**Assignment:** Could you give again exactly, and only, the lines from the one holding "RAUS ABADI (United" through the end of the data, both ends included, with pictures left out?

**Source material:**
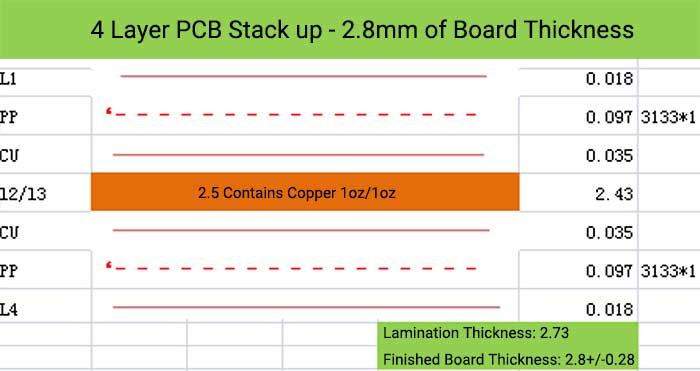 4 Layer PCB Stack up - 2.8mm of Board Thickness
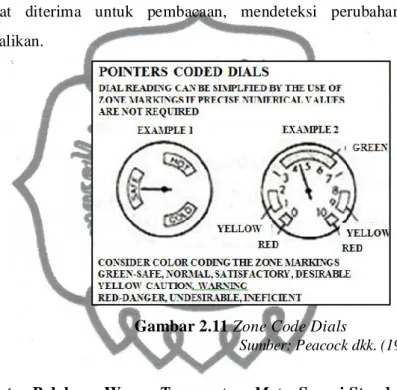 Gambar 2.11 Zone Code Dials 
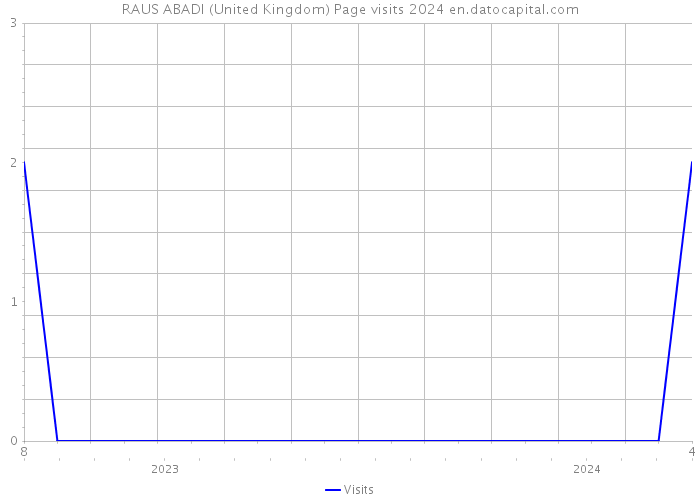 RAUS ABADI (United Kingdom) Page visits 2024 
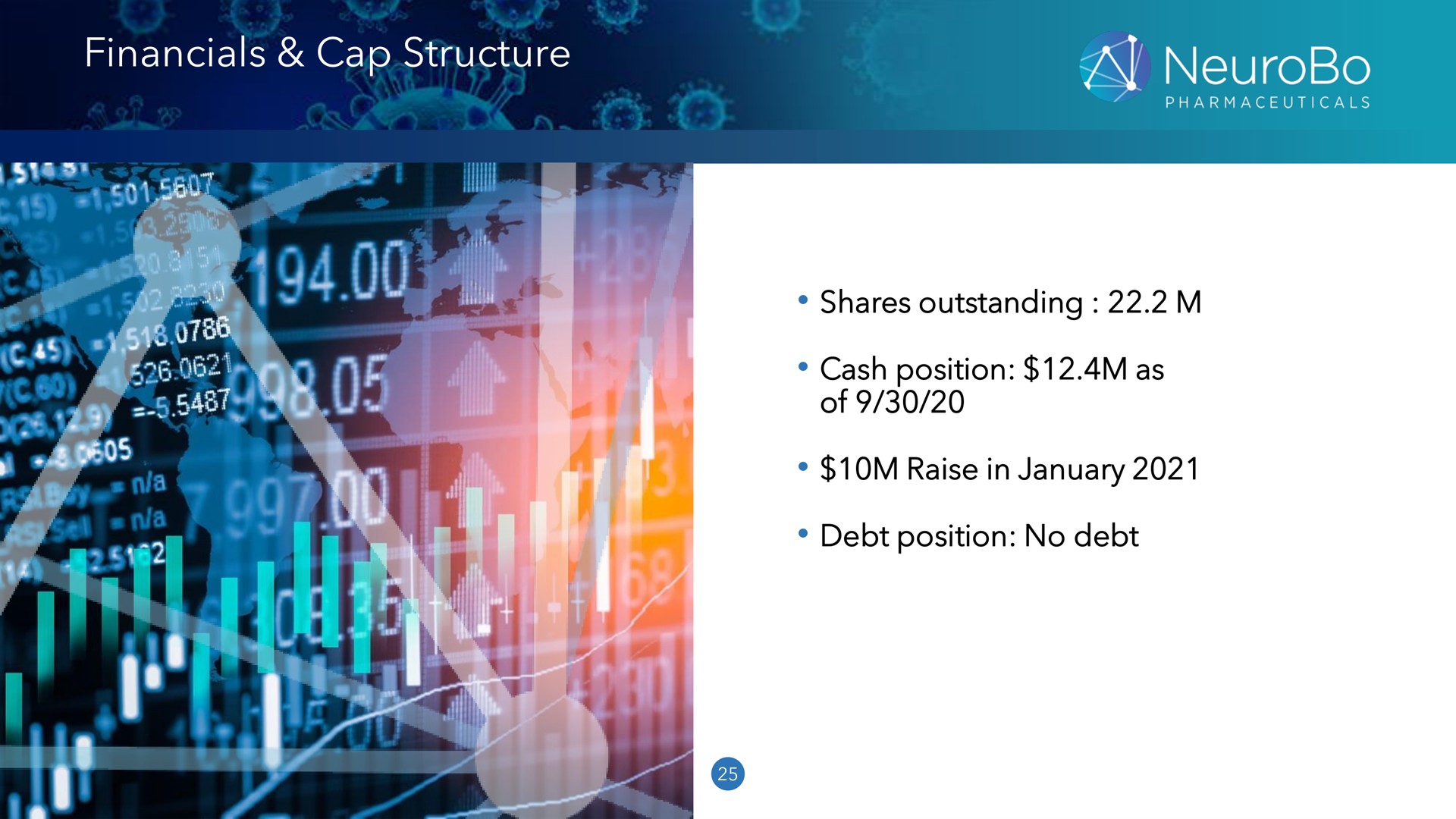 cap structure a we raise in cash position as as rel of | NeuroBo Pharmaceuticals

**Reply:**
 RAUS ABADI (United Kingdom) Page visits 2024 
 cap structure a we raise in cash position as as rel of | NeuroBo Pharmaceuticals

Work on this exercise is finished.